A oficina ocorreu entre os dias 29 de julho e 2 de agosto, e envolveu moradores das comunidades Novo Paraíso e Vila Cujubim. No encontro, foram definidas datas para a contagem dos peixes, bem como as regras para a pesca e beneficiamento do pirarucu, que devem ser realizados a partir da última semana de agosto.

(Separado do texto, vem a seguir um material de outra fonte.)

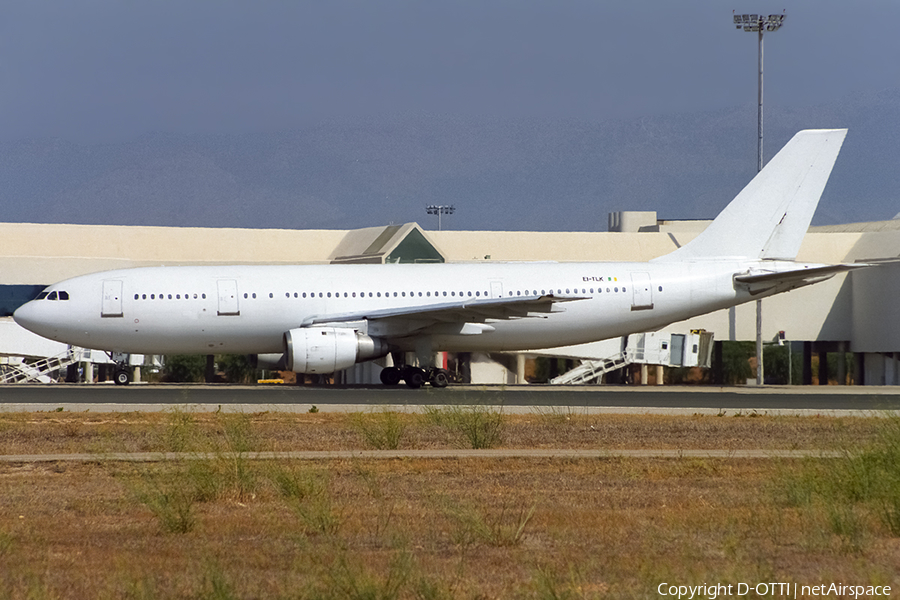 TransAer International Airlines Airbus A300B4-203 (EI-TLK) | Photo 422265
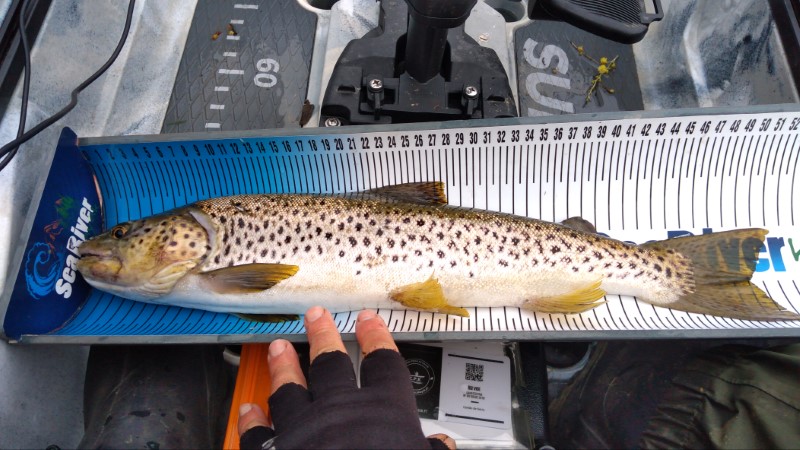 Fish Measure Picture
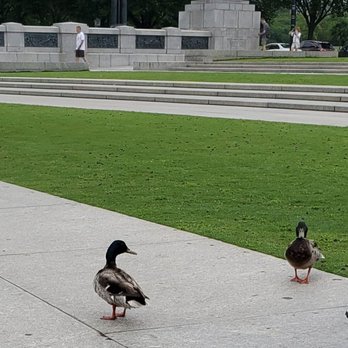 National Mall - A couple of ducks at the WWII Memorial at the National Mall - Landmarks & Historical Buildings Near Me - Washington, DC, District of Columbia National Mall - A couple of ducks at the WWII Memorial at the National Mall - Landmarks & Historical Buildings Near Me - Washington, DC, District of Columbia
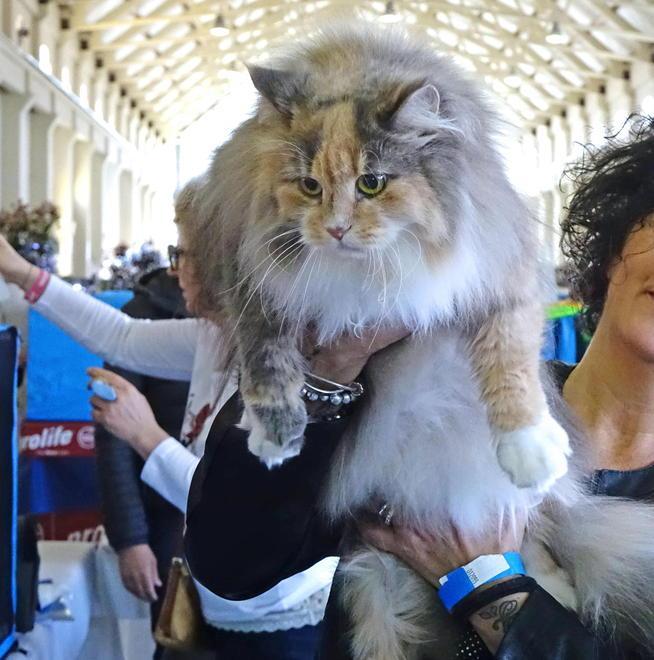 Pisa, la giunta leghista: «Un bonus-gatto a chi non ha soldi per curarlo»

A ação contou com apoio da Fundação Amazonas Sustentável (FAS).

“Nossa tarefa é distribuir as atividades entre os pescadores, definir quem vai vender, quem vai pescar, quais barcos e apetrechos poderão ser utilizados, e assim estabelecer um acordo para a pesca”, disse o gestor da RDS, Adevane Araújo.

De acordo com o gestor, o acordo é de extrema importância para as comunidades, pois é uma forma de envolvimento dos moradores, promovendo o empoderamento das lideranças comunitárias e a melhoria da qualidade vida dentro da reserva, com a conservação dos recursos pesqueiros.

Manejo do pirarucu – A atividade de manejo do pirarucu em unidades de conservação estaduais gerou, na safra de 2017-2018, faturamento bruto médio por família de R$ 2.835,18, com volume de produção de 681,9 toneladas. Nas RDS Amanã, Cujubim, Piagaçu-Purus, Mamirauá e de Uacari, o manejo de pirarucu beneficiou, em 2018, 843 famílias.

Na RDS Cujubim, o manejo de pirarucu conta com apoio da Operação Amazônia Nativa (Opan) e FAS, por meio do Fundo Amazônia/BNDES e Banco Bradesco.